Implementing Resource Isolation in Doris Offline Analysis Data Warehouse Cluster

I. Background

With rapid business development, the current offline analysis data warehouse Doris cluster is facing resource contention issues due to diverse computing needs such as daily data science jobs, offline batch processing, and customer-side report queries. To address this, resource limits need to be implemented for different account resource requests. After research, the official Doris Workload Group solution has been adopted.

Doris version: doris-2.1.8-1-834d802457

II. Workload Group Introduction

Workload Group is an in-process resource isolation mechanism provided by Apache Doris that achieves resource isolation between different business loads through fine-grained division of CPU, memory, and IO resources within BE processes.

The principle is as shown in the diagram below:

workload_group

Currently supported isolation capabilities include:

Resource Type	Isolation Method	Description
CPU	Soft limit / Hard limit	Soft limit allocates by weight, hard limit is absolute upper bound
Memory	Soft limit / Hard limit	Hard limit automatically kills queries to free up memory when exceeded
IO	Speed limit	Limits IO throughput for reading local/remote files
Concurrency	Queuing mechanism	Exceeding concurrency queries enter queue to wait

For more information: https://doris.apache.org/zh-CN/docs/2.1/admin-manual/workload-management/workload-group

III. Doris Cluster Adjustment to Support Cgroup (Manual Deployment)

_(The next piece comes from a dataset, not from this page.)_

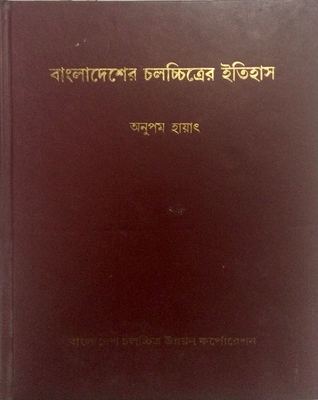 বাংলাদেশের চলচ্চিত্রের ইতিহাস (Hardcover)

3.1 Cgroup Environment Configuration

Check the system’s supported CGroup version:

root@doristest:~# cat /proc/filesystems | grep cgroup
nodev   cgroup
nodev   cgroup2

Confirm the effective CGroup version:

root@doristest:~# ls /sys/fs/cgroup/cpu/
ls: cannot access '/sys/fs/cgroup/cpu/': No such file or directory 
root@doristest:~# ls /sys/fs/cgroup/cgroup.controllers
/sys/fs/cgroup/cgroup.controllers # Indicates cgroup v2 is in effect

3.2 Create Doris CGroup Directory

# ========== CGroup v1 Operations ==========
mkdir /sys/fs/cgroup/cpu/doris

# Set permissions (root is the user running BE)
chmod 770 /sys/fs/cgroup/cpu/doris
chown -R root:root /sys/fs/cgroup/cpu/doris


# ========== CGroup v2 Operations ==========
mkdir /sys/fs/cgroup/doris

# Set permissions
chmod 770 /sys/fs/cgroup/doris
chown -R root:root /sys/fs/cgroup/doris  # Adjust as needed, currently root

3.3 CGroup v2 Additional Configuration

CGroup v2 has stricter permission control and requires additional configuration:

# Modify root directory cgroup.procs file permissions
chmod a+w /sys/fs/cgroup/cgroup.procs

# Enable CPU controller
# Enter doris directory
cd /sys/fs/cgroup/doris

# Enable CPU controller (by modifying parent subtree_control)
# Already set by default, can be ignored
echo +cpu > ../cgroup.subtree_control

# Verify: Check if cpu.max file appears in doris directory
/sys/fs/cgroup/doris/cpu.max
# And cgroup.controllers should contain cpu
# cat /sys/fs/cgroup/cgroup.controllers 
cpuset cpu io memory hugetlb pids rdma misc

3.4 Configure BE and Restart

Edit the be.conf file:

# ========== CGroup v1 Configuration ==========
doris_cgroup_cpu_path = /sys/fs/cgroup/cpu/doris

# ========== CGroup v2 Configuration ==========
doris_cgroup_cpu_path = /sys/fs/cgroup/doris

Restart BE service:

# Restart BE
./bin/stop_be.sh
./bin/start_be.sh

Verification: Check the be.INFO log

grep "add thread" log/be.INFO
# Appearance of "add thread xxx to group" indicates successful configuration

3.5 Persistent Configuration (Optional)

CGroup configuration will be cleared after machine reboot. It is recommended to use systemd to create an auto-configuration service on boot:

# /etc/systemd/system/doris-cgroup.service
[Unit]
Description=Doris CGroup Setup
Before=doris-be.service

[Service]
Type=oneshot
ExecStart=/bin/bash -c 'mkdir -p /sys/fs/cgroup/cpu/doris && chmod 770 /sys/fs/cgroup/cpu/doris && chown -R doris:doris /sys/fs/cgroup/cpu/doris'

[Install]
WantedBy=multi-user.target

Set to auto-start on boot:

systemctl enable doris-cgroup.service

IV. Batch Enable Cgroup on Doris Nodes via Ansible

4.1 Preparation

Before executing batch deployment, confirm the following information:

Confirm CGroup version: CGroup version (v1 or v2) for all Doris BE nodes
Prepare host inventory: Edit Ansible’s hosts file to add all BE nodes
Confirm BE user: User running Doris BE service (currently root)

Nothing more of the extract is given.